If you connect locally through nginx with your ip, its: http://ip:8123

Can you explain every step you have done so far? Including all the steps you’ve taken on your router.

Then summarizing. I had a hassio installation and I pointed to the server with http: // mioip: 8123 then since I wanted to integrate alexa I created a ddns on duckdns as explained in several guides following the steps. Now my http protocol has changed to https and I can reach the server from the browser locally in wifi with https: // mioip: 8123 while from the outside with duckdns and external port x set on the router which points to the internal 8123 and works. The problem that the home assistant app with smartphone locally in wifi does not access the home assistant.
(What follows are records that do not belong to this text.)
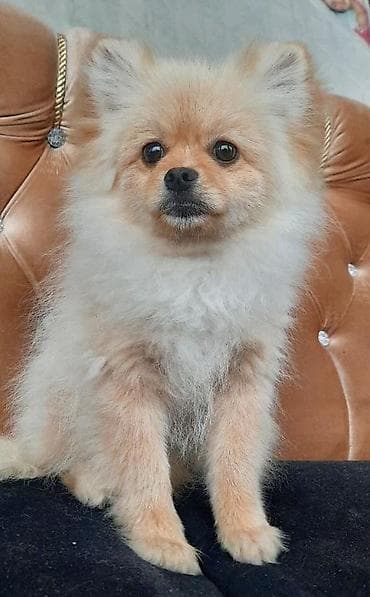 heyvan sekilleri: Şpitz, 6 ay, Erkek, Peyvəndli — 3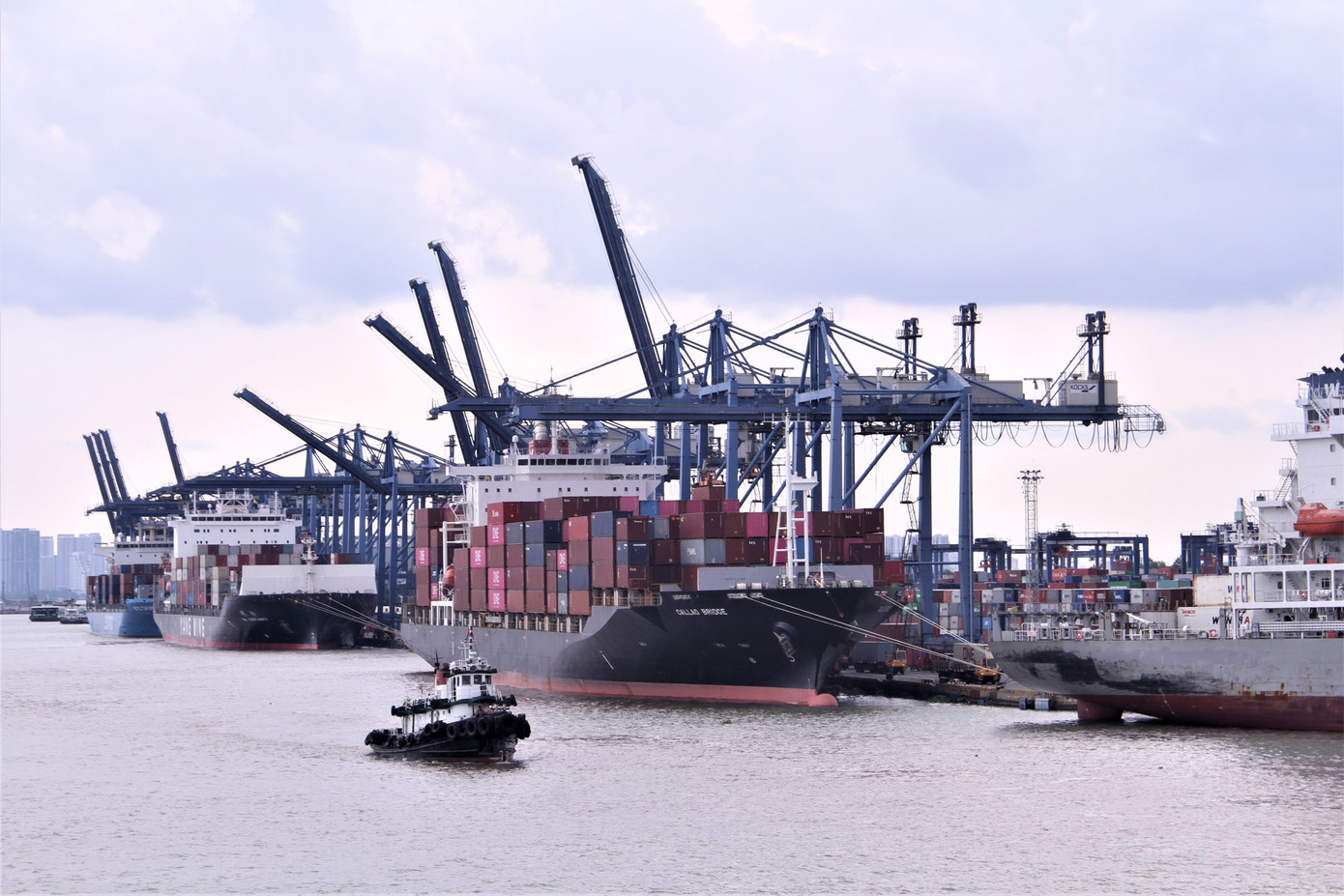 Tàu xếp dỡ hàng hóa tại Cảng Cát Lái (TPHCM). Ảnh: Đại Dương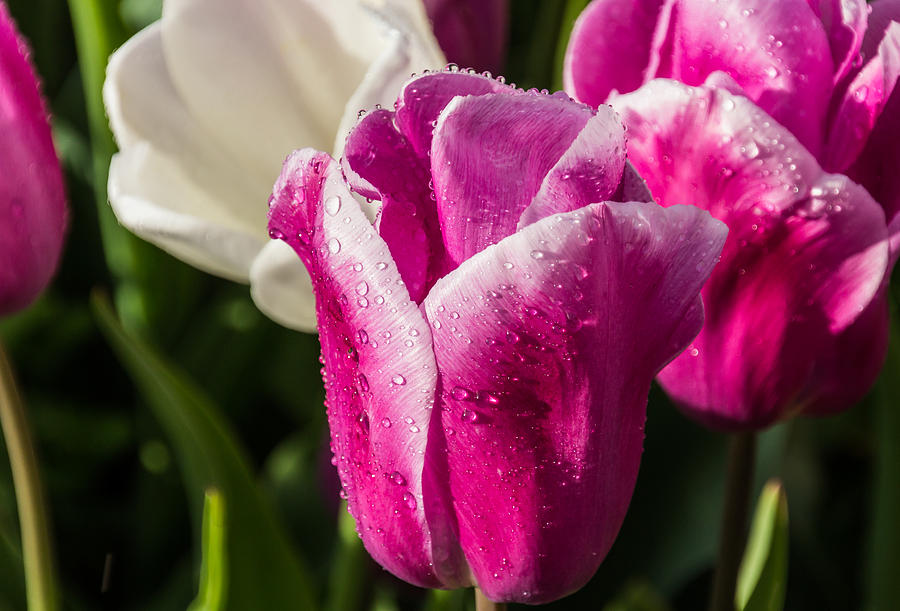 Pink Tulip Photograph by David Gleeson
In the app I inserted the main url https: // dunckdns with its router port and internal url https: // mioip: 8123

Your router may not support nat loopback. So…

Have you set up nginx? Yes or No.

install the nginx official addon.

for your configuration use:

domain: xxxx.duckdns.org
certfile: fullchain.pem
keyfile: privkey.pem
hsts: max-age=31536000; includeSubDomains
cloudflare: false
customize:
  active: false
  default: nginx_proxy_default*.conf
  servers: nginx_proxy/*.conf

make sure 443/tcp is set to 443.

Remove any current port forwards that you have for your pi.
Add a port forward for 443 -> ip:443 on tcp

After all that is done you should be able to access locally with:

http://ip:8123

Externally with

https://xxxx.duckdns.org

perfect.
thanks. thanks. thanks.

Does this solution still require the following in the configuration?